Barnes & Noble originated in 1886 with a bookstore called Arthur Hinds & Company, located in the Cooper Union Building in New York City.[9][10] In the fall of 1886, Gilbert Clifford Noble, a then-recent Harvard graduate from Westfield, Massachusetts, was hired to work there as a clerk.[11] In 1894 Noble was made a partner, and the name of the shop was changed to Hinds & Noble.[12] In 1901 Hinds & Noble moved to 31-35 W. 15th Street.[13]
In 1917, Noble bought out Hinds and entered into a partnership with William Barnes, son of his old friend Charles; the name of the store was changed accordingly to Barnes & Noble.[14][15] Charles Barnes had opened a book-printing business in Wheaton, Illinois in 1873; William Barnes divested himself of his ownership interest in his father's firm just before his partnership with Noble and it would go on to become Follett Corporation. Although the flagship store once featured the motto "founded in 1873," the C.M. Barnes-Wilcox Company never had any connection to Barnes & Noble other than the fact that both were partly owned (at different times) by William Barnes.
1930–1969[edit]
In 1930, Noble sold his share of the company to William Barnes' son John Wilcox Barnes.[16][17] Noble died on June 6, 1936, at the age of 72.[18] In the long history of the bookstore, the namesake partnership was a brief interlude of thirteen years.
Barnes & Noble's former flagship store at 105 Fifth Avenue in Manhattan, New York has been operating since 1932.
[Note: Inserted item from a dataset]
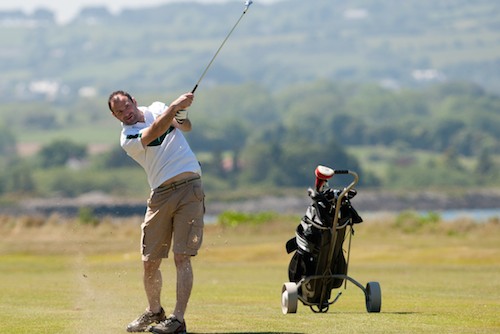 Steven McDonnell in action on the Golf Course. Steven McDonnell in action on the Golf Course.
In 1932, at the height of the Great Depression, the bookstore was moved to a flagship location on 18th Street and Fifth Avenue,[19] which served as such until it closed in 2014. The Noble family retained ownership of an associated publishing business and Barnes & Noble opened a new publishing division in 1931.[17] In 1940, the store was one of the first businesses to feature Muzak; it underwent a major renovation the following year.[20] That decade the company opened stores in Brooklyn and Chicago.[21] William Barnes died in 1945 at the age of 78 and his son John Wilcox Barnes assumed full control.[21] The company underwent a significant expansion in the 1950s and 1960s, opening an additional retail store on Twenty-third Street in Manhattan and shops near the City University of New York, Harvard and other Northeast college campuses.[22]